Nach einer prägnanten Einführung in die Thematik durch Prof. Dr. Dr. Berkmann durften wir als ersten Referenten den Tübinger Kanonisten Prof. Dr. Bernhard Sven Anuth begrüßen. Als Fachmann für die Situation in der Bundesrepublik stellte er uns diese anhand der vier exemplarisch ausgewählten Problemkreise "Nichtpriester im Priesterrat", "Laienhomilie", "Meldepflicht bei Verdacht auf sexuellen Missbrauch" und "Gemeinsame und geteilte (Gemeinde-)Leitung" dar. Angesichts dieser Themenauswahl war der anschließende Diskussionsbedarf erwartungsgemäß groß, wobei auch die nach wie vor kanonistisch nicht leicht einzuordnende Rolle der in immer mehr Diözesen eingesetzten Amtschefs (bzw. -chefinnen) ausführlich thematisiert wurde.

Der Absolvent unseres Instituts und mittlerweile Inhaber des kirchenrechtlichen Lehrstuhls an der Universität Wien, Prof. Dr. Dr. Andreas Kowatsch, lenkte sodann die Perspektive auf Österreich. Dabei zeigte er uns diverse Punkte in Konkordatsrecht, Normen der ÖBK und ausgewählten teilkirchlichen Rechtsvorschriften auf, von denen grundlegende verfassungsrechtliche Fragen bezüglich der Kompetenzen diözesaner Gremien, der Status der ständigen Diakone, das Firmalter sowie das Benefizialwesen hier nur beispielhaft aufgeführt werden können. Unterstützt durch seinen Assistenten Fr. Daniel Tibi OSB erfolgte weiters eine akribische Analyse der rechtlichen Grundlagen für die Arbeit der pfarrlichen Räte in allen österreichischen Diözesen. Der abschließende Blick auf noch ungeklärte Fragen, beispielsweise Dispenspraktiken, Gewohnheitsrecht und Privilegien, leitete wiederum zu einer intensiven fachlichen Diskussion über.

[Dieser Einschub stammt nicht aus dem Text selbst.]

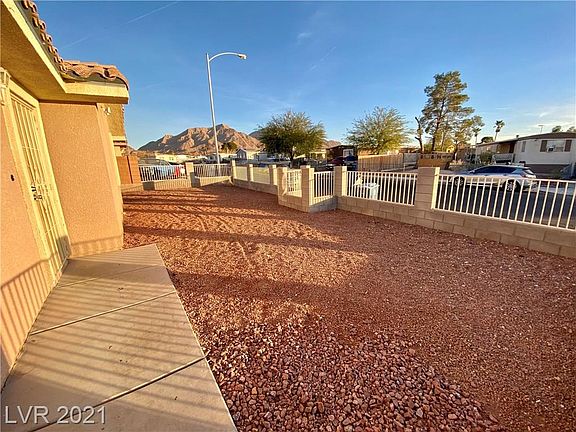 5th image of 6134 Bluehill Ave
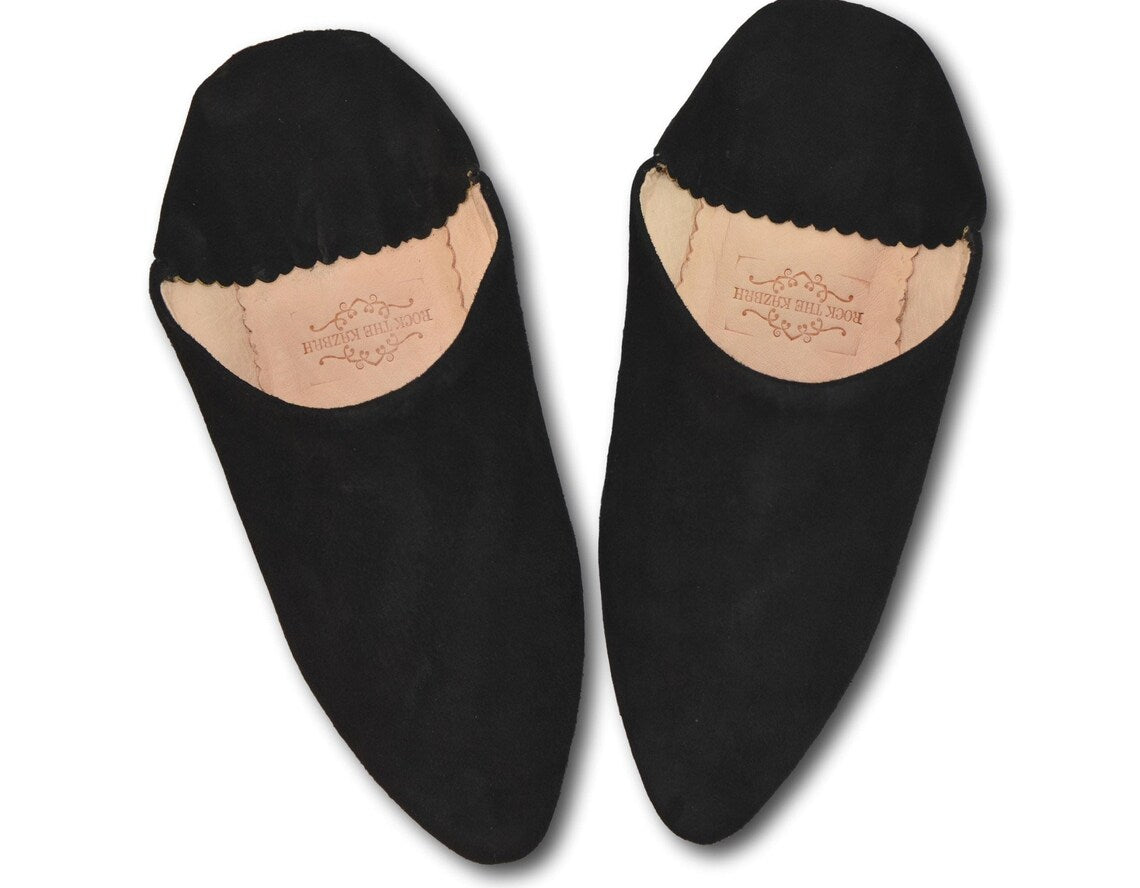 Babouches en Daim Rose pour Femme : Confort, Élégance Durable, et Charme Artisanal avec Bout Pointu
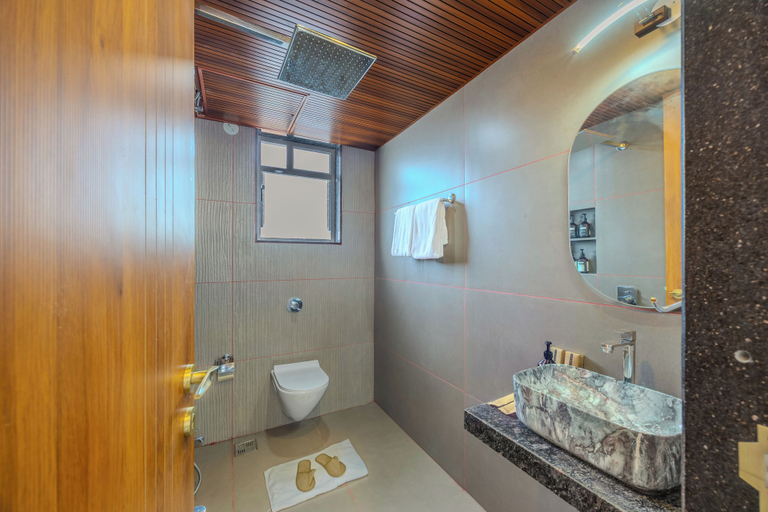 Bathroom 2, ELIVAAS RK Villa 4BHK Hideaway with Pool, Pune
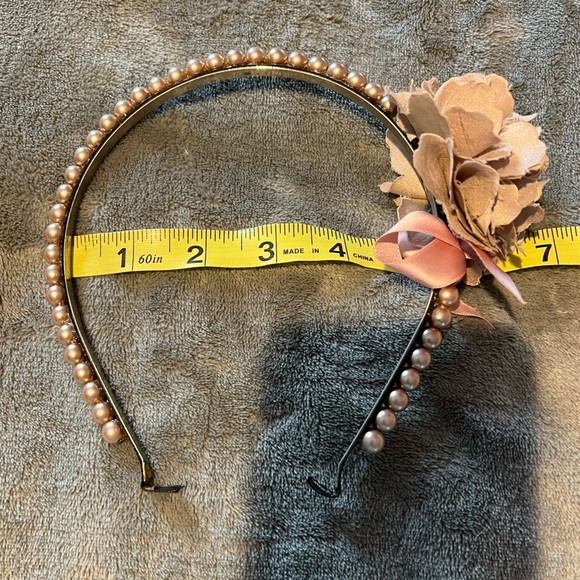 Cara New York dusty pink pearl headband with flower - Picture 4 of 6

Mit Prof. Dr. Andreas Müller, LL.M. (Yale), von der Universität Innsbruck durften wir zum Ausklang des Nachmittags einen ausgewiesenen und international geschätzten Experten für das Europarecht begrüßen. Dass europarechtliche Fragen auch bezüglich des Themas unseres Workshops zunehmend breiteren Stellenwert einnehmen, hatte sich bereits in den vorangegangenen Vorträgen und nicht zuletzt in der Einführung von Professor Berkmann gezeigt, der das Verhältnis von europäischen und nationalen Rechtsnormen als Analogie für die Situation in der Kirche beizog. Insofern stellten Professor Müllers kenntnisreiche Ausführungen, beispielsweise zum Subsidiaritätsprinzip und zum "margin of appreciation", hier eine hervorragende fachliche Grundlage dar, um diese Rechtsinstitute auch im kirchlichen Raum noch fundierter diskutieren zu können.

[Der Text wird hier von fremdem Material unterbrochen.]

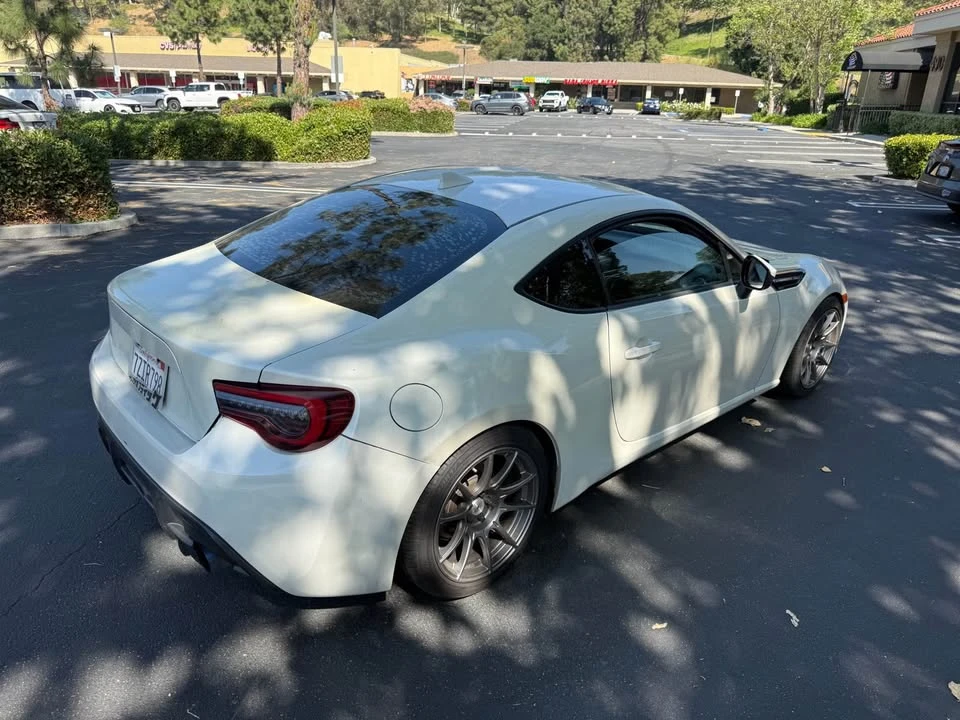 2016 Scion FR-S - Image 5 of 17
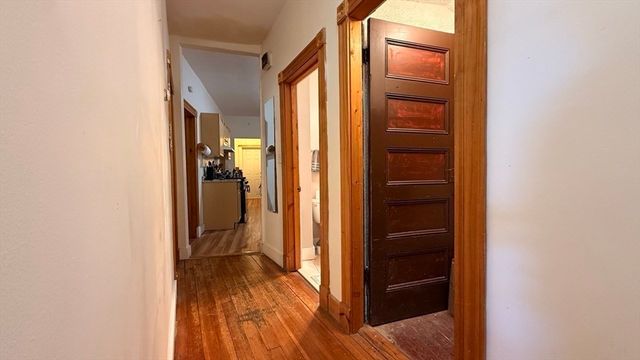 26 Darling 1, Boston, MA 02120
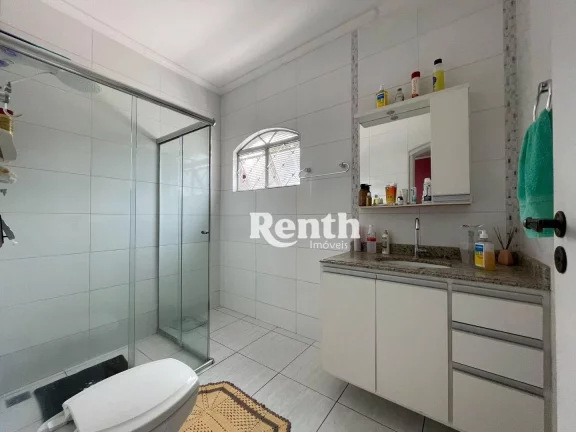 Imagem Casa com 3 dormitórios (2 suítes), por R$ 850.000 - Santana - Rio Claro/SP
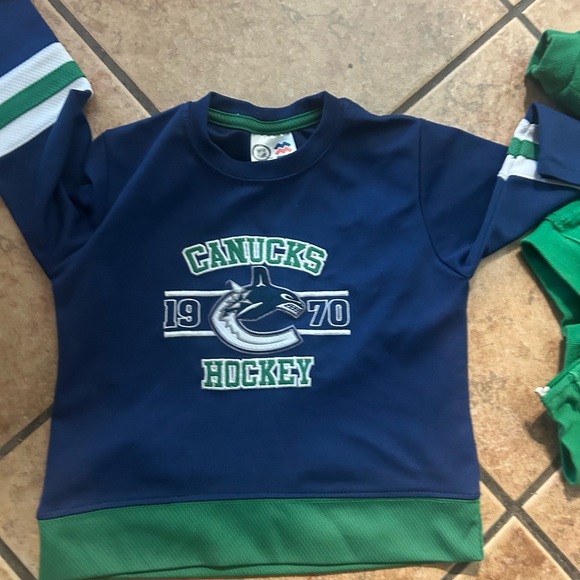 Hockey Bundle - Picture 6 of 11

Fast schon zur guten Tradition bei den Workshops unseres Lehrstuhls gehört auch ein Blick in die Schweiz. So durften wir am Samstag Vormittag als letzten Referenten den Luzerner Kanonisten und Co-Direktor des dortigen Zentrums für Religionsverfassungsrecht Prof. Dr. Adrian Loretan begrüßen. Da sich die staatskirchenrechtlichen Strukturen in der Schweiz doch sehr deutlich von denen in Deutschland und Österreich unterscheiden, führte Professor Loretan zunächst ausführlich in diese ein, was allen Teilnehmern bereits einen erheblichen Erkenntnisgewinn verschafft haben dürfte. Sodann zeigte er die Besonderheiten des schweizerischen Partikularrechts exemplarisch anhand von vermögens- und personalrechtlichen Fragen sowie der Laienpredigt auf. Dass vor allem letzteres Thema noch einmal viel Stoff für eine kontroverse Diskussion lieferte, wird kaum überraschen.

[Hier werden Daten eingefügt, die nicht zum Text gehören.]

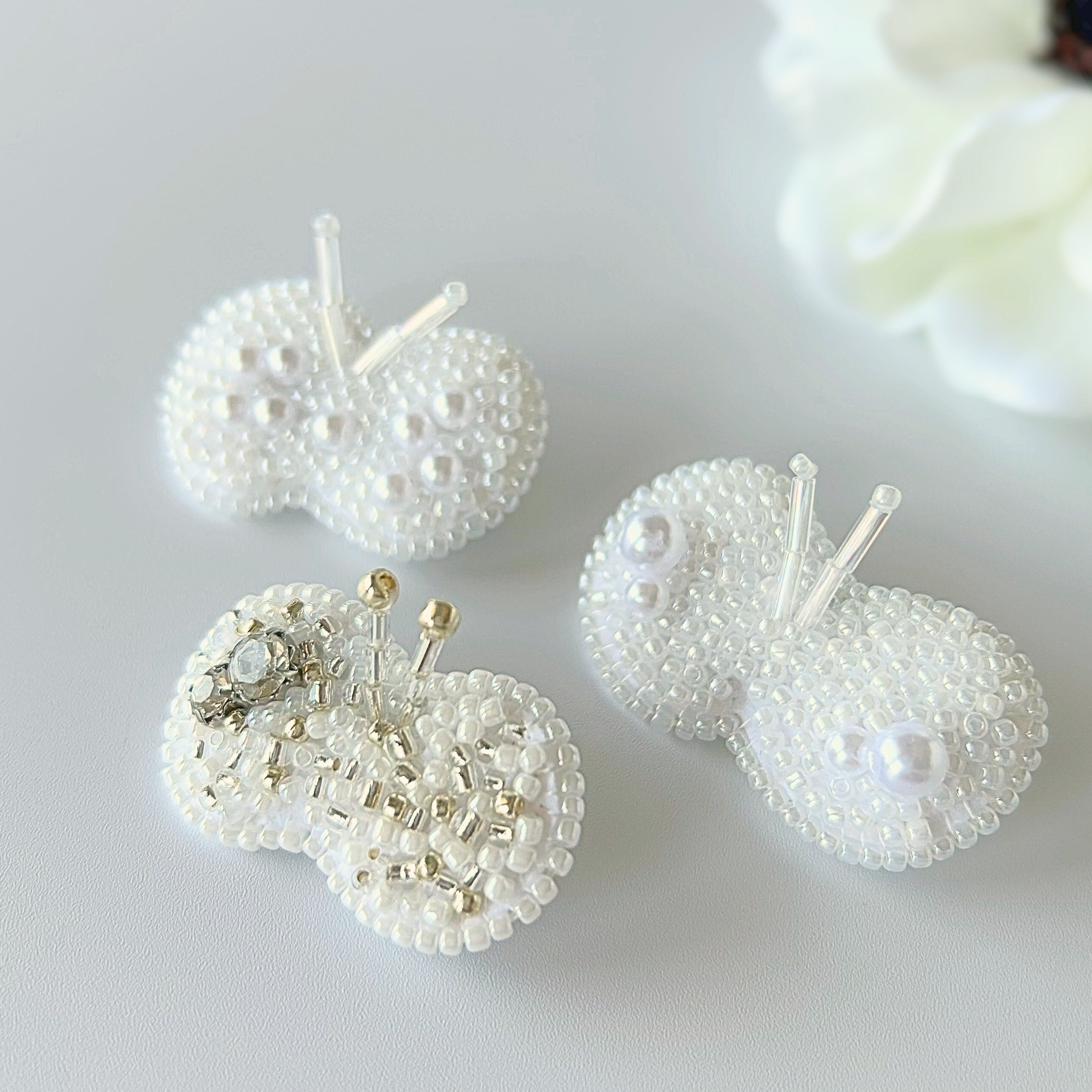 北欧  蝶々 おしゃれ ブローチ ビーズ刺繡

Nach dieser gelungenen Veranstaltung gilt unser Dank an erster Stelle natürlich den Referenten für ihre inhaltlich fruchtbaren und erkenntnisreichen Vorträge, aber auch unseren Studenten für die zahlreiche Teilnahme und engagierte Beteiligung an den Diskussionen. Nicht unerwähnt bleiben soll schließlich unser Lehrstuhlteam, dem für die diversen organisatorischen Aufgaben im Vorfeld und Nachgang ebenso Dank gebührt.